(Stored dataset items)
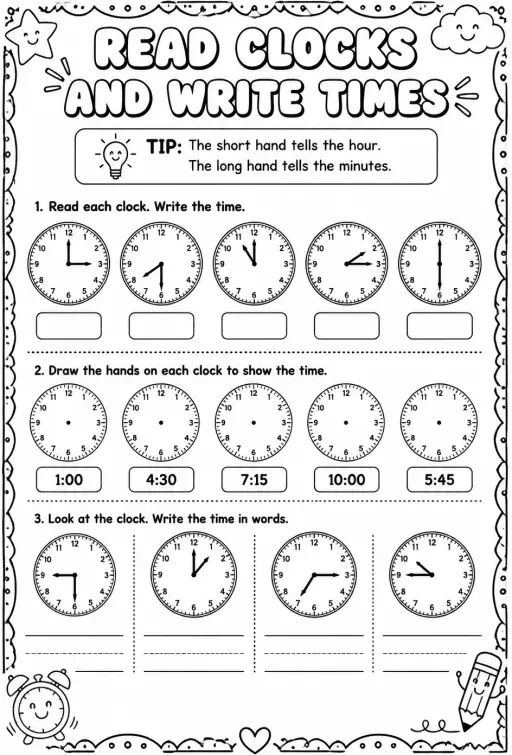 Read clocks and write times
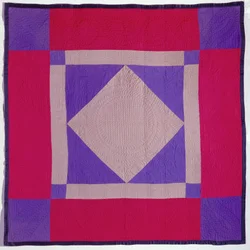 Quilt Amish, fin 19e-début 20e siècle (laine, coton et matelassage)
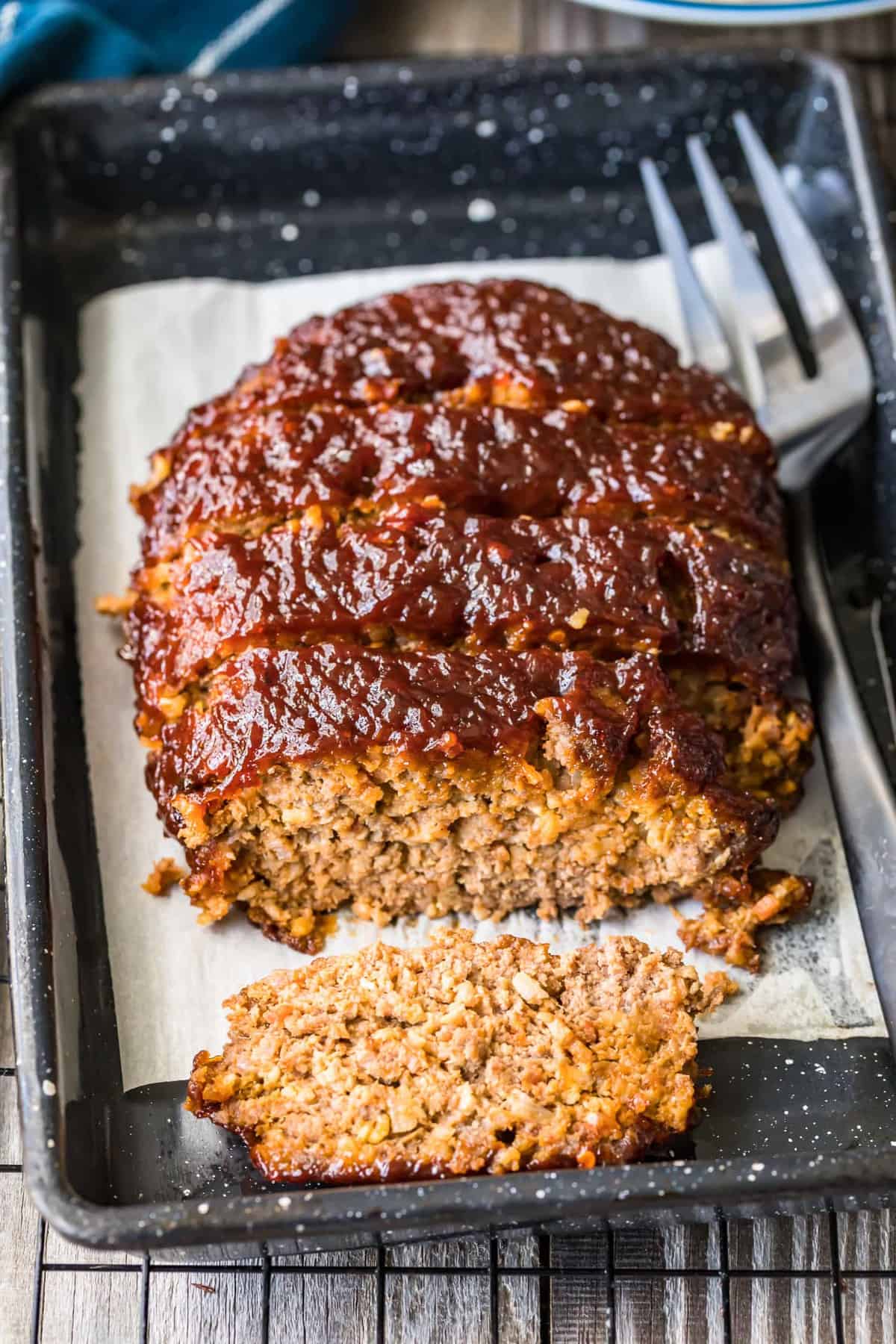 Bacon Meatloaf in a tin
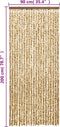 vidaXL - Vliegengordijn - 90x200 - cm - chenille - beige - en - bruin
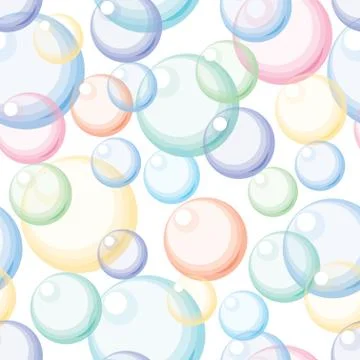 Color bubbles. Seamless background Иллюстрация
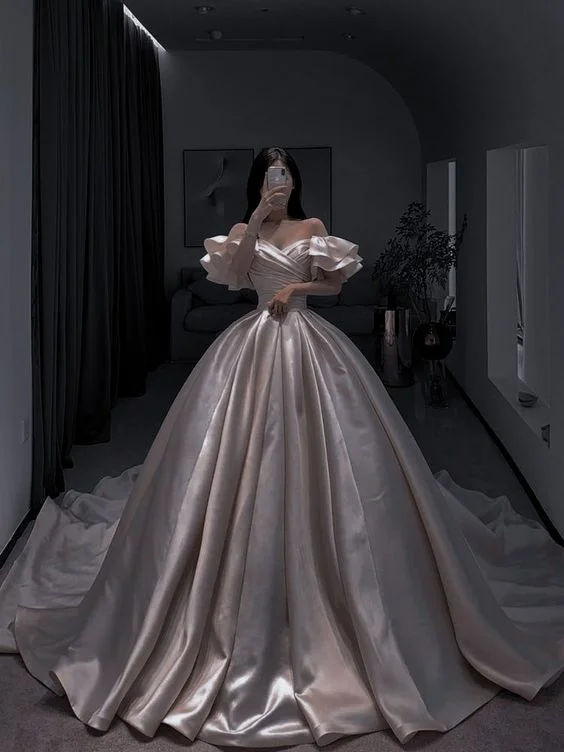 Blowout Deals printed dressOff The Shoulder Satin Wedding Dress Stunning Wedding Dress Y276 Blowout Deals printed dressOff The Shoulder Satin Wedding Dress Stunning Wedding Dress Y276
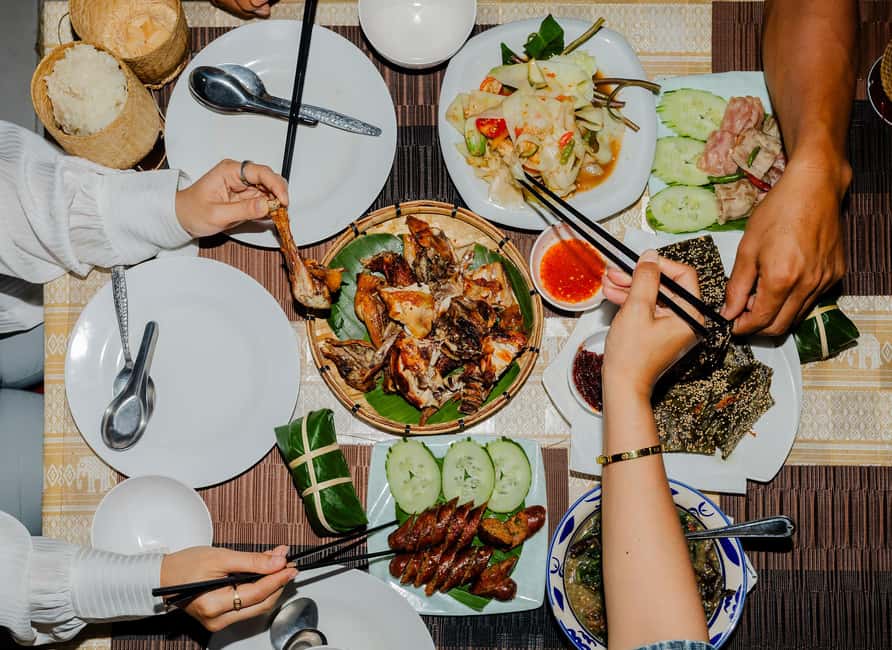 Luang Prabang Plates Food Tour with 15+ Tastings - Meeting at Pasaniyom Traditional Café, right by the Mekong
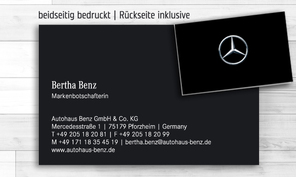 Schwarze Mercedes Visitenkarten 01-vk-07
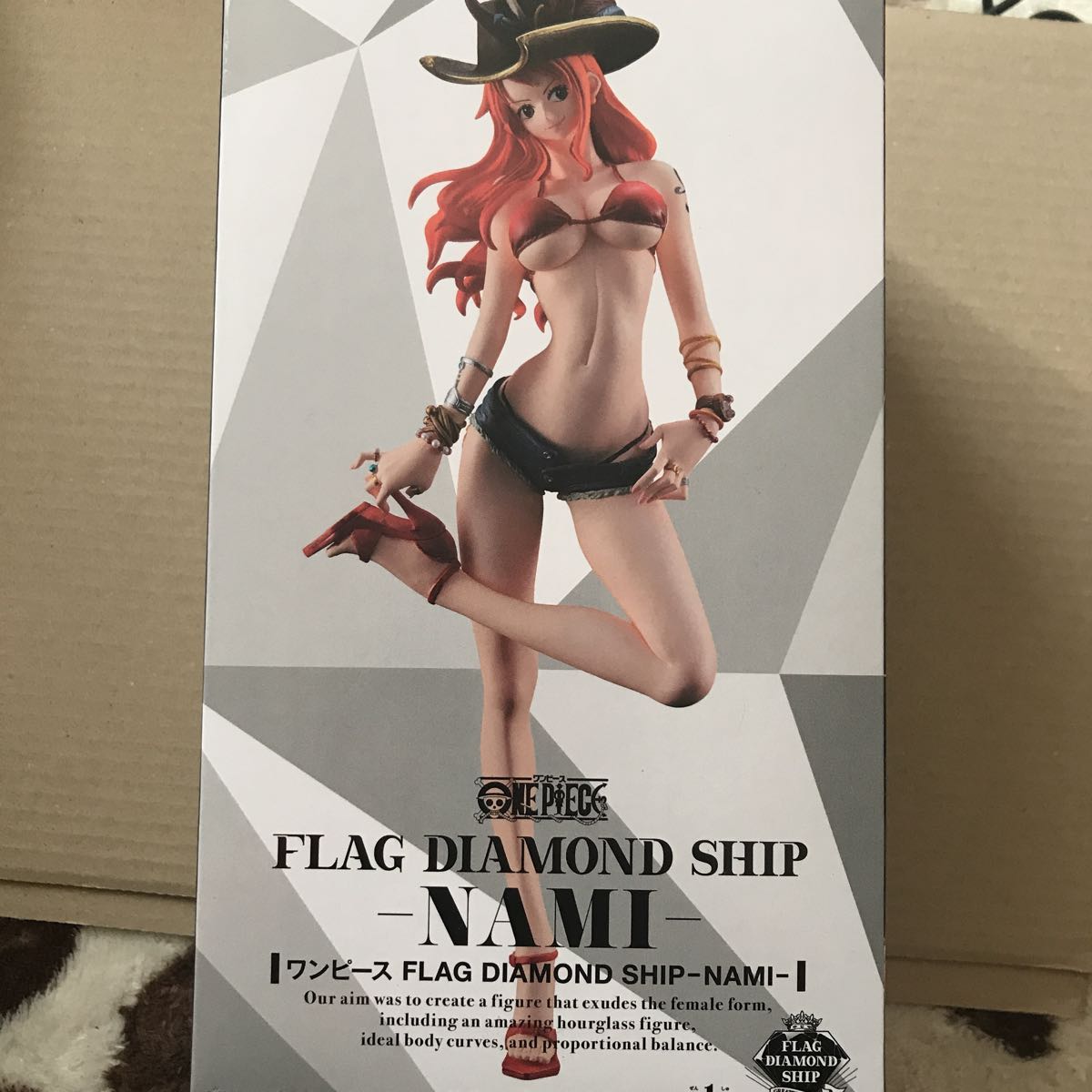 一件式FLAG DIAMOND SHIP Nami Figure 原文:ワンピース FLAG DIAMOND SHIP ナミ フィギュア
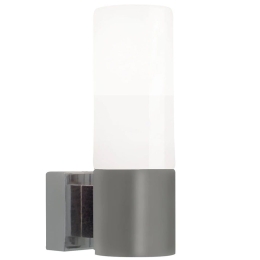 Φωτιστικό Μπάνιου - Τοίχου Tangers Single 17131032 E14 18,5x9,5cm Brushed Steel Nordlux Μέταλλο,Γυαλί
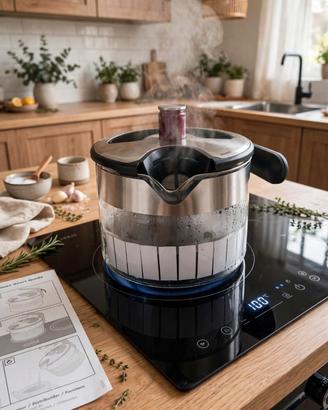 Bollitore Kezzel Induzione Inox/Vetro – Nuovo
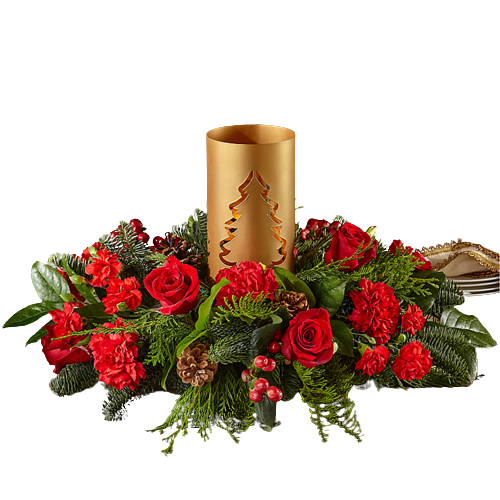 Evergreen Glow Centerpiece
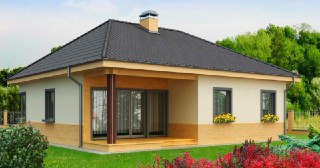 Строительство одноэтажных домов Тулун цена от 23930 руб. м2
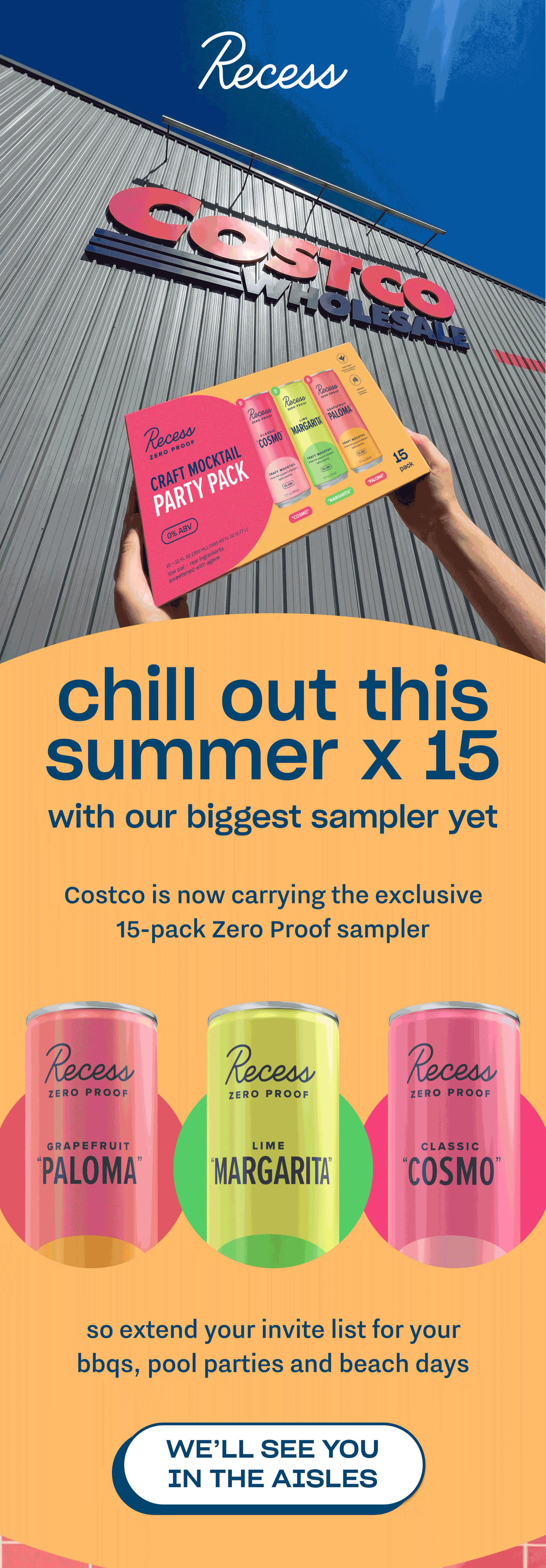 Recess Zero Proof at Costco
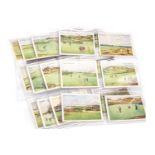 A SET OF WILL'S CIGARETTES 'GOLFING' CIGARETTE CARDS
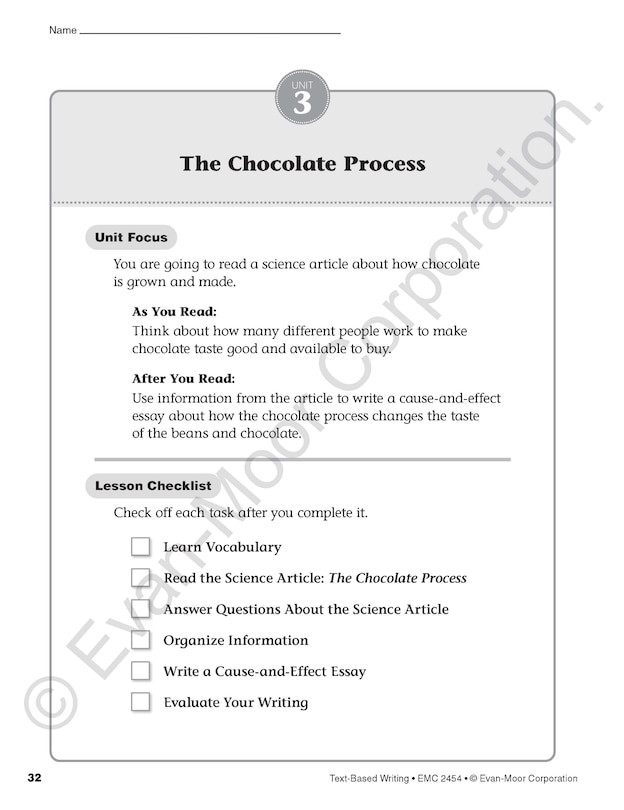 Sample content 3_Text-Based Writing, Grade 4 Teacher Resource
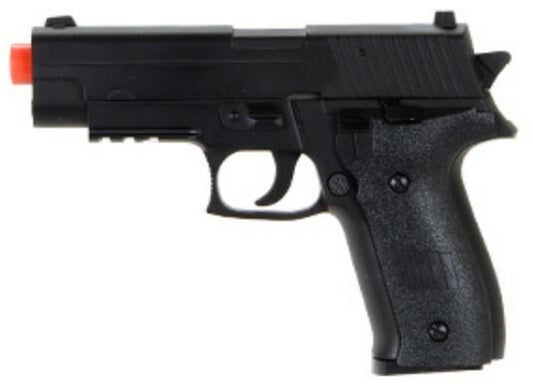 Cyma ZM23 MK.23 Metal Spring Airsoft Pistol in black – full-size tactical sidearm with realistic metal slide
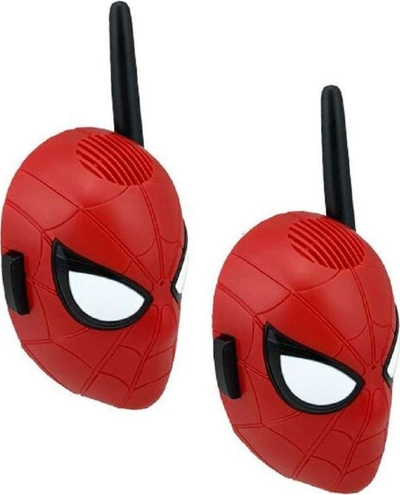 Lodër Walkie Talkie Marvel Spider-Man, set me 2 copë, për kalamaj, e kuqe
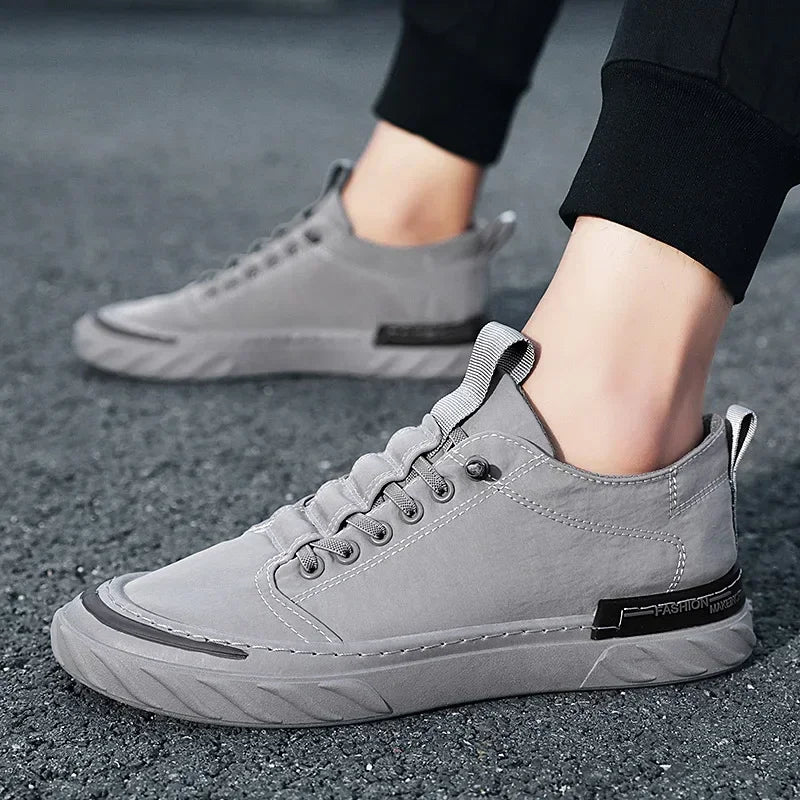 Men Casual Shoes Ice Silk Cloth Canvas Shoes Sneakers 2024 New In Breathable Slip on Man Flat Loafers Men Vulcanized Shoes Trend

→ About this exercise: Exclude every picture and copy the remaining data exactly.

→ Answer area:
 Read clocks and write times
 Quilt Amish, fin 19e-début 20e siècle (laine, coton et matelassage)
 Bacon Meatloaf in a tin
 vidaXL - Vliegengordijn - 90x200 - cm - chenille - beige - en - bruin
 Color bubbles. Seamless background Иллюстрация
 Blowout Deals printed dressOff The Shoulder Satin Wedding Dress Stunning Wedding Dress Y276 Blowout Deals printed dressOff The Shoulder Satin Wedding Dress Stunning Wedding Dress Y276
 Luang Prabang Plates Food Tour with 15+ Tastings - Meeting at Pasaniyom Traditional Café, right by the Mekong
 Schwarze Mercedes Visitenkarten 01-vk-07
 一件式FLAG DIAMOND SHIP Nami Figure 原文:ワンピース FLAG DIAMOND SHIP ナミ フィギュア
 Φωτιστικό Μπάνιου - Τοίχου Tangers Single 17131032 E14 18,5x9,5cm Brushed Steel Nordlux Μέταλλο,Γυαλί
 Bollitore Kezzel Induzione Inox/Vetro – Nuovo
 Evergreen Glow Centerpiece
 Строительство одноэтажных домов Тулун цена от 23930 руб. м2
 Recess Zero Proof at Costco
 A SET OF WILL'S CIGARETTES 'GOLFING' CIGARETTE CARDS
 Sample content 3_Text-Based Writing, Grade 4 Teacher Resource
 Cyma ZM23 MK.23 Metal Spring Airsoft Pistol in black – full-size tactical sidearm with realistic metal slide
 Lodër Walkie Talkie Marvel Spider-Man, set me 2 copë, për kalamaj, e kuqe
 Men Casual Shoes Ice Silk Cloth Canvas Shoes Sneakers 2024 New In Breathable Slip on Man Flat Loafers Men Vulcanized Shoes Trend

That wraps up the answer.